##### SOURCE DATA #####

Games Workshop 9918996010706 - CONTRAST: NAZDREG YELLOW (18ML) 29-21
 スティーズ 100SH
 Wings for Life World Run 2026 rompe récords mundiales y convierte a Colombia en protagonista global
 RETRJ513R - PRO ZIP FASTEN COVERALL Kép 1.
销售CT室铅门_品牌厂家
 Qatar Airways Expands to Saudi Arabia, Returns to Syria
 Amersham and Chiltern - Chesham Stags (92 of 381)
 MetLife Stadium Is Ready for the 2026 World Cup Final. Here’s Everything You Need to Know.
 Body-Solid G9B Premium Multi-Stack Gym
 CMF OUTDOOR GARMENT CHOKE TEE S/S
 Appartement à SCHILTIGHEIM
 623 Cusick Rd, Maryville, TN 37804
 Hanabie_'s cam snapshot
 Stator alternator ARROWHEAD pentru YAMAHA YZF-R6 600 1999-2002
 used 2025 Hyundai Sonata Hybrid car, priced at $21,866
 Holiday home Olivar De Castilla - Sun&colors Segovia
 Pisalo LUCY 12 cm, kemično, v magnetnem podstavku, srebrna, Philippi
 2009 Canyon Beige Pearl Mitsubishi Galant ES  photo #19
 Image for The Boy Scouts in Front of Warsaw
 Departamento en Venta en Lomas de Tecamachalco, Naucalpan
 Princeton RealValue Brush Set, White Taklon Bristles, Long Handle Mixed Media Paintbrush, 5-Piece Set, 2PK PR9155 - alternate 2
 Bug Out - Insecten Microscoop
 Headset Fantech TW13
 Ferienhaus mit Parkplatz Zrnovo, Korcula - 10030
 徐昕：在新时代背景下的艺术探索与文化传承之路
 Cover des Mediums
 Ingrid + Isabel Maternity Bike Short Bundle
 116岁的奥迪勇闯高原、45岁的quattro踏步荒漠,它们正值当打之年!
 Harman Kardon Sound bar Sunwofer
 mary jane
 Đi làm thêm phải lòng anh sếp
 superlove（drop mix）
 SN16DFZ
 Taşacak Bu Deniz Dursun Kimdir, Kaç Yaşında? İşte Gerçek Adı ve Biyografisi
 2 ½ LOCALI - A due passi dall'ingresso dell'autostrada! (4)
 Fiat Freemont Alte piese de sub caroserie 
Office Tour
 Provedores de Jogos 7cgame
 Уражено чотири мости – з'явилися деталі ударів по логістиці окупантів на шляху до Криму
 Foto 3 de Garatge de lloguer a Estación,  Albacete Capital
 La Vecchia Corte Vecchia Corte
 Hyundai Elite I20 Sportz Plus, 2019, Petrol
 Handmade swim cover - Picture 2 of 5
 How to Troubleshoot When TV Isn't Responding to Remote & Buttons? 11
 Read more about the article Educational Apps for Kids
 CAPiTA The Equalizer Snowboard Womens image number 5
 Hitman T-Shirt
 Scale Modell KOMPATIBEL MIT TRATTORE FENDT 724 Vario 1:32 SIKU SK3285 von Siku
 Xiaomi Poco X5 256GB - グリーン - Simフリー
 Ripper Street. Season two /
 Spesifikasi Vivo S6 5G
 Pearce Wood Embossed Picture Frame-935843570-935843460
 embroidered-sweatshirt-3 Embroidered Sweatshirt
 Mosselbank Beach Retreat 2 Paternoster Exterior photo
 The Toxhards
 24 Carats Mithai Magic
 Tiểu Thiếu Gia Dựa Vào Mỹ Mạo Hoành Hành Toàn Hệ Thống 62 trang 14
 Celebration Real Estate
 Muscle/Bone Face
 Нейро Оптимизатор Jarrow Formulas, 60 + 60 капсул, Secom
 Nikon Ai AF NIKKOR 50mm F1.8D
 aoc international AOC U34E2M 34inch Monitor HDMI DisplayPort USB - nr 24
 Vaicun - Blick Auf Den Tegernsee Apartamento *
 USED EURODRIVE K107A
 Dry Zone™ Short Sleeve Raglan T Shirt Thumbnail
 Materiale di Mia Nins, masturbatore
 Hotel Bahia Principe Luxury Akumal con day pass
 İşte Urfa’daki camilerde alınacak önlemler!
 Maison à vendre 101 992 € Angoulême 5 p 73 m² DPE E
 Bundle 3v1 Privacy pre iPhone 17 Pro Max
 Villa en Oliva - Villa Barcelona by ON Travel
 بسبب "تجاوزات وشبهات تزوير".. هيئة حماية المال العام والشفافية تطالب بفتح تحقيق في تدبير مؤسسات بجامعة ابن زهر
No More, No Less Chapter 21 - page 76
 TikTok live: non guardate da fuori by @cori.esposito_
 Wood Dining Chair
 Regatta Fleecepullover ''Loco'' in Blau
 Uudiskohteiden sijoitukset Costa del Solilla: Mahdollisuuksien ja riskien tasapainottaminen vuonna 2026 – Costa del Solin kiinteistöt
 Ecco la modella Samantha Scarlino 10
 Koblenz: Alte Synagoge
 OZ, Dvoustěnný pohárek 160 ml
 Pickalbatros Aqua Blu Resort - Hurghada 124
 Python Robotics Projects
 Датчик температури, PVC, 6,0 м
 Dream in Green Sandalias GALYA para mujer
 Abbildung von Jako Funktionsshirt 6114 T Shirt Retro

#####

PROBLEM TO SOLVE
Reproduce only the lines above spanning from the line containing "MetLife Stadium Is" through the line containing "Read more about", word for word.

WRITTEN REPLY
 MetLife Stadium Is Ready for the 2026 World Cup Final. Here’s Everything You Need to Know.
 Body-Solid G9B Premium Multi-Stack Gym
 CMF OUTDOOR GARMENT CHOKE TEE S/S
 Appartement à SCHILTIGHEIM
 623 Cusick Rd, Maryville, TN 37804
 Hanabie_'s cam snapshot
 Stator alternator ARROWHEAD pentru YAMAHA YZF-R6 600 1999-2002
 used 2025 Hyundai Sonata Hybrid car, priced at $21,866
 Holiday home Olivar De Castilla - Sun&colors Segovia
 Pisalo LUCY 12 cm, kemično, v magnetnem podstavku, srebrna, Philippi
 2009 Canyon Beige Pearl Mitsubishi Galant ES  photo #19
 Image for The Boy Scouts in Front of Warsaw
 Departamento en Venta en Lomas de Tecamachalco, Naucalpan
 Princeton RealValue Brush Set, White Taklon Bristles, Long Handle Mixed Media Paintbrush, 5-Piece Set, 2PK PR9155 - alternate 2
 Bug Out - Insecten Microscoop
 Headset Fantech TW13
 Ferienhaus mit Parkplatz Zrnovo, Korcula - 10030
 徐昕：在新时代背景下的艺术探索与文化传承之路
 Cover des Mediums
 Ingrid + Isabel Maternity Bike Short Bundle
 116岁的奥迪勇闯高原、45岁的quattro踏步荒漠,它们正值当打之年!
 Harman Kardon Sound bar Sunwofer
 mary jane
 Đi làm thêm phải lòng anh sếp
 superlove（drop mix）
 SN16DFZ
 Taşacak Bu Deniz Dursun Kimdir, Kaç Yaşında? İşte Gerçek Adı ve Biyografisi
 2 ½ LOCALI - A due passi dall'ingresso dell'autostrada! (4)
 Fiat Freemont Alte piese de sub caroserie 
Office Tour
 Provedores de Jogos 7cgame
 Уражено чотири мости – з'явилися деталі ударів по логістиці окупантів на шляху до Криму
 Foto 3 de Garatge de lloguer a Estación,  Albacete Capital
 La Vecchia Corte Vecchia Corte
 Hyundai Elite I20 Sportz Plus, 2019, Petrol
 Handmade swim cover - Picture 2 of 5
 How to Troubleshoot When TV Isn't Responding to Remote & Buttons? 11
 Read more about the article Educational Apps for Kids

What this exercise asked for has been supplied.